I remember the first time I went to an Escape party. It was the second one ever held. I was very nervous. It was my first time being at a gay event. I had to convince myself that I could do it. I remember showing up and feeling very out of place. Everyone seemed at ease. For those of you that don't know me well, when I am in a group of people I don't know I get really quiet. I'm sure I said very little at the activity. I remember Jeromy saying hello to me. But he was hosting the party and couldn't spend much time with me. It reminds me of the feeling when I was first off my mission and went to a Christmas party thrown by some relatives of mine. It was a feeling of subdued panic. I was tense. Afterward, I was glad I went. It was far outside my comfort circle. I didn't talk about anything at the party, but it was good to hear other people talk about being gay like it was an everyday thing.
I became very good friends with Jeromy and became part of the planning process for The Escape. Most of those early parties were pretty simple. We'd watch movies and socialize. I met the first guy I ever dated at one of those parties. I remember holding his hand as we watched a movie. We got creative though. We had a Vegas party once where we built and created our own Vegas-style props for the party. That party was huge! The place was packed.

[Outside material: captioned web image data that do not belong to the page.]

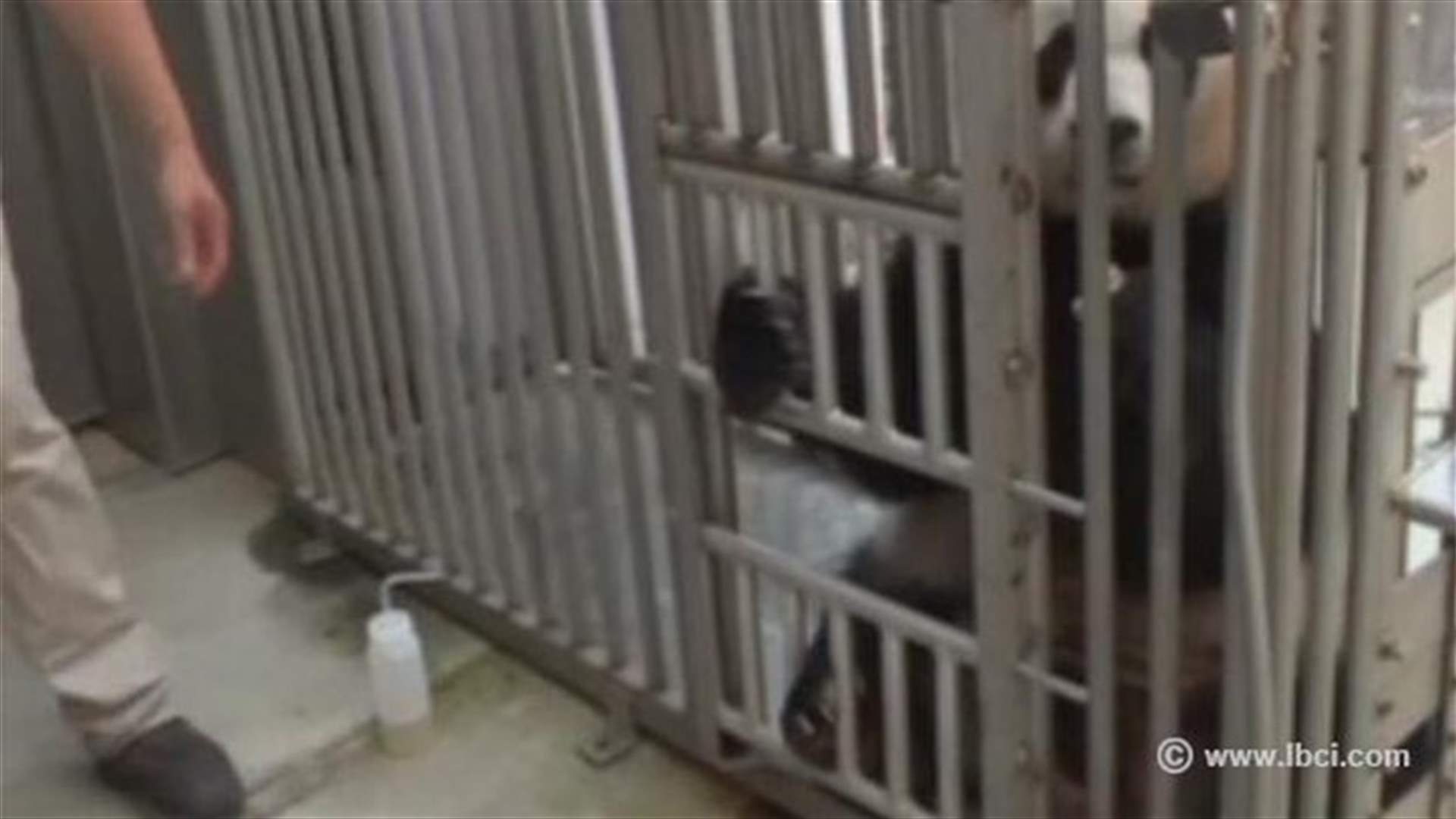 Giant panda at Washington's National Zoo gives birth to her third cub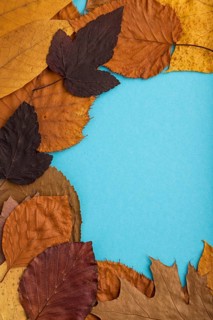 Composition with yellow and brown autumn leaves on blue pastel background. flat lay, top view,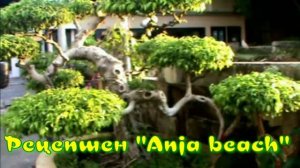 Рецепшен отеля «Anja beach resort».Фукуок.
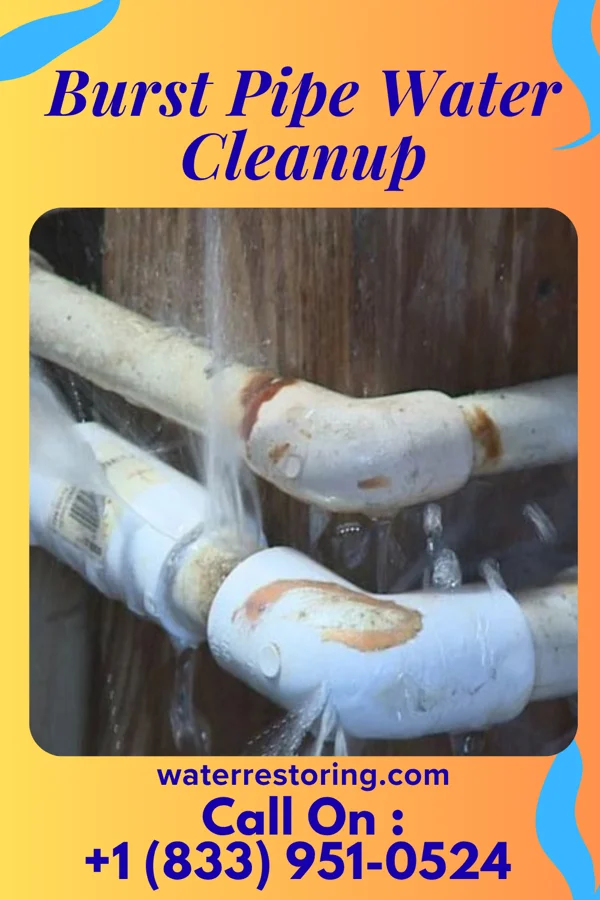 Burst Pipe Water Cleanup in Chunky, MS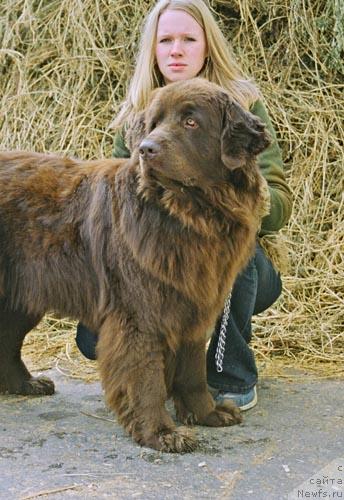 Фото: ньюфаундленд YUjana s Berega Dona (Южана с Берега Дона)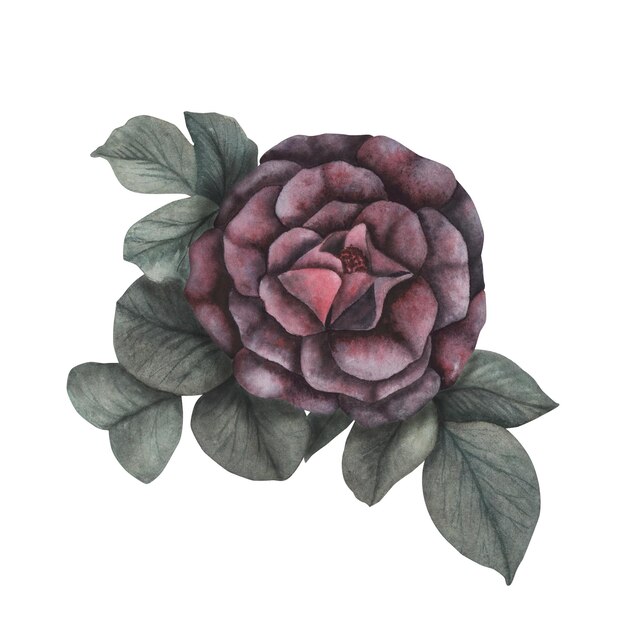 Rosa gótica escura com folhas textura mágica isolada em fundo branco Aquarela desenhado à mão esboço botânico iIlustração Arte para design místico halloween bruxa decoração cartão assustador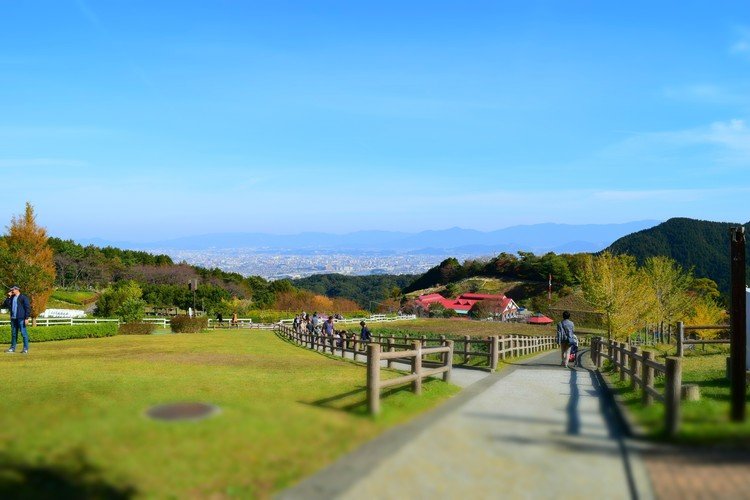 天高く馬肥ゆる秋に君と行く 街を見下ろす空気を吸いに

Jeromy and his boyfriend moved away and I volunteered to lead the group. Sadly, nothing happened while I was in charge. I didn't own my own place and we didn't have a place to host activities. The group just stayed on hiatus until Jeromy returned.

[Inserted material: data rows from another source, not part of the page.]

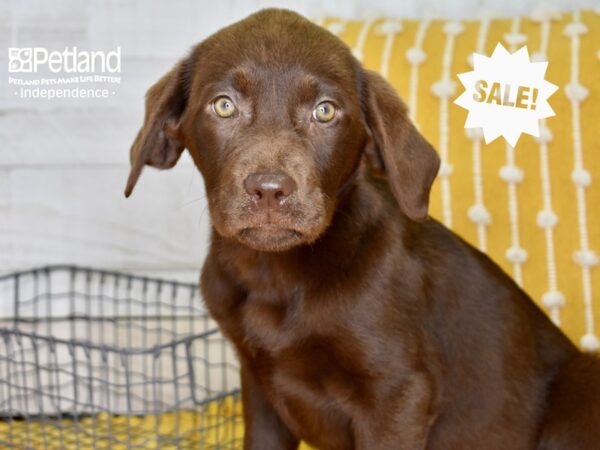 Labrador Retriever-DOG-Female-Chocolate-4932-Petland Independence, Missouri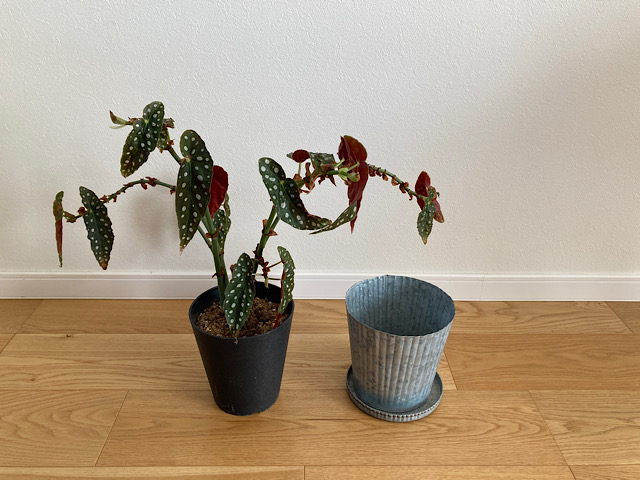 【観葉植物の地震対策】けがを防ぎ、片づけやすくするための3つのポイント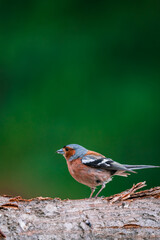 Beautiful vertical close-up detail portrait of house sparrow (Passer domesticus) with blurred green background.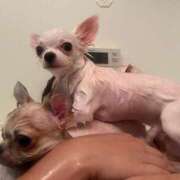 ヒメ日記 2025/11/19 11:04 投稿 のん 谷町豊満奉仕倶楽部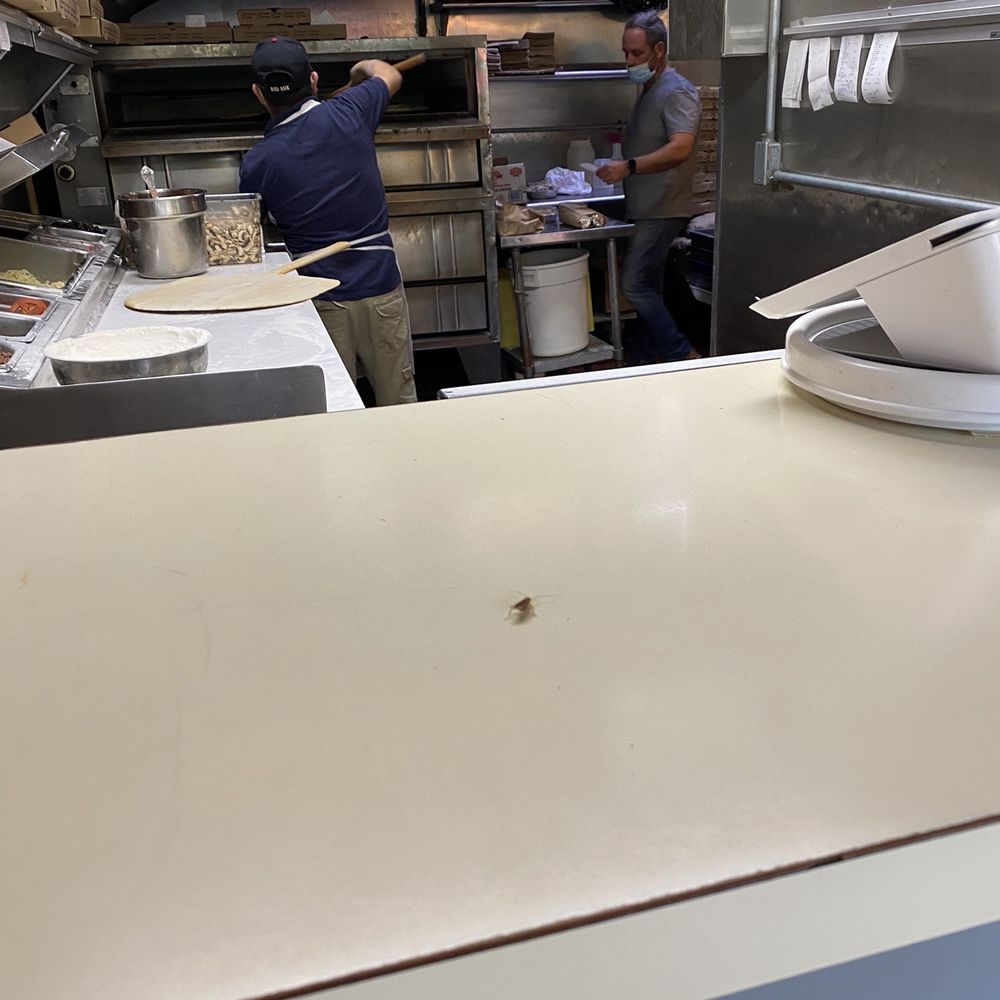 Angelina's Trattoria - Front counter and cockroach. - Pizza Near Me - Westport, Connecticut Angelina's Trattoria - Front counter and cockroach. - Pizza Near Me - Westport, Connecticut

The next largest change occurred when Aaron (my boyfriend) and I moved to Salt Lake City. Jeromy now lived in BYU-approved housing and couldn't host The Escape any longer. Aaron and I started having it our home. The Escape changed. No longer in the shade of secrecy needed to operate in Utah County the organization made a big change. Just as Jeromy, Aaron and I had evolved into openly gay, integrated, and happy men, the scope of the group was doing the same. We began having larger activities and in the public. We host Gay Day at Hogle Zoo. We are a large part of Gay Day at Lagoon Park. We play croquet and barbecue in the park. You may have seen pictures of these activities on my facebook page. Aaron and I have welcomed many people into our home under the umbrella of The Escape. Now, rather than giving closeted gays a place to be their selves (and we still do that), we help gay men choose happy and healthy lives.
I think another era is opening up for the group right now. The Escape has been largely insular until now. We didn't allow other groups to advertise on our Yahoo group. We wouldn't let other people host activities. We never did anything with other groups. We're changing that. Salt Lake is a much larger place with many more resources. We have begun to network with the other gay and lesbian groups here. Last week I had a phone interview with QSaltLake, Utah's gay news magazine. They had seen our facebook group and our planned Gay Day at Hogle Zoo. I'm hoping they'll do an article beforehand and we'll get more people to show up. We recently changed our age policy too. Before this month, we encouraged people over 40 to find a group better suited to their situations. We've removed that. We're open to any age. I think all of these changes are going to be incredible! It has meant losing some control that we kept tight, but it is going to make very positive changes.
Thinking about this just gave me another great idea!